Y fue así como en 1799 (casualmente el mismo año en el que los mineros escoceses se libraron de la condición de esclavos), una Real Orden de Carlos IV decretó que “por ningún Juez se condene reo alguno al presidio y trabajo de sus Reales Minas de Azogue de Almadén”. La Real Cárcel de Forzados y Esclavos fue clausurada dos años después y los supervivientes fueron trasladados al penal de Ceuta.
Dejó de haber forzados en Almadén, pero el trabajo, en condiciones de semi-esclavitud, prosiguió durante dos siglos, hasta que la mina se cerró hace una década para convertirse en un parque minero abierto a los turistas. Durante esos dos largos siglos, los mineros del cinabrio siguieron muriendo envenenados, con el cerebro agujereado por el mercurio, como si tuviesen Alzheimer. O muriendo simplemente de tristeza y desesperación por no encontrar otra forma de ganarse la vida. Que ahora todo eso sea un simple recuerdo que se despliega atroz ante los visitantes, no deja de aportar esperanza en la capacidad del ser humano para redimirse de sus propios horrores.
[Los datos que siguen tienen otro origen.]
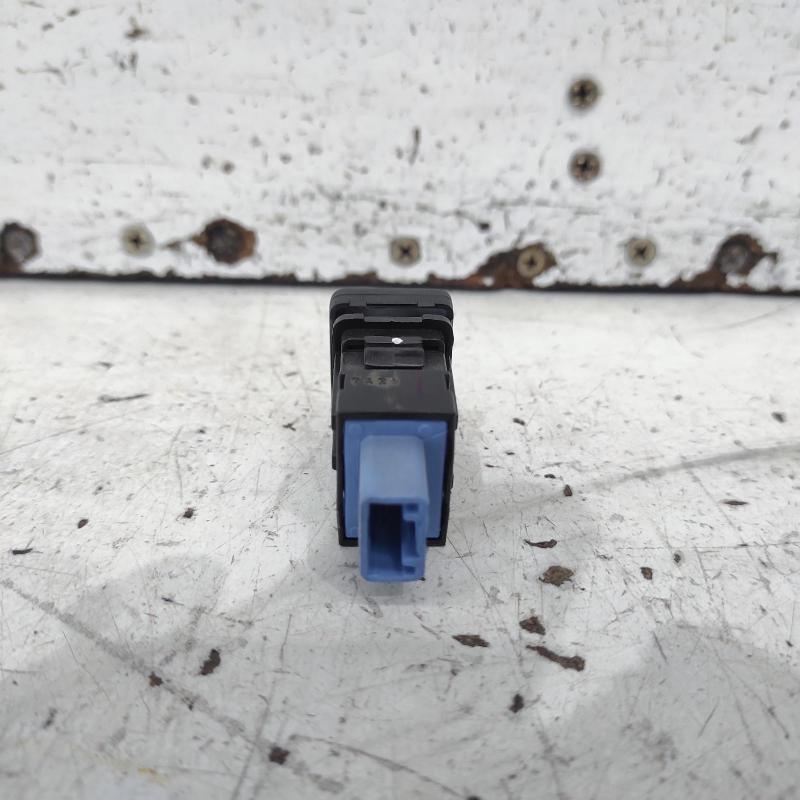 miscellaneous switch relay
Pedro, el minero jubilado que ahora conduce a los turistas que se animan a descender hasta las viejas galerías, y les explica cómo era la vida cuando él trabajaba en la mina, tal como lo hicieron sus antepasados, cuenta que cuando era un niño, durante las horas en las que su padre estaba en la mina, se guardaba siempre una especie de silencio y calma respetuosa, como de luto, porque nadie tenía derecho a jugar ni a cantar hasta que el padre retornase vivo al llegar el ocaso. Solo entonces podía comenzar el juego, o podían encenderse las radios. Solo entonces. Y solo entonces se escuchaba el canto de los mineros (todos los mineros del mundo cantan, desde los de Escocia hasta los de La Unión, y a menudo lo hacen a coro, expresando con canciones el amor a la vida y a luz y la solidaridad en la pena…)
Ese luto preventivo era como descontar la muerte, de tan próxima que se sentía.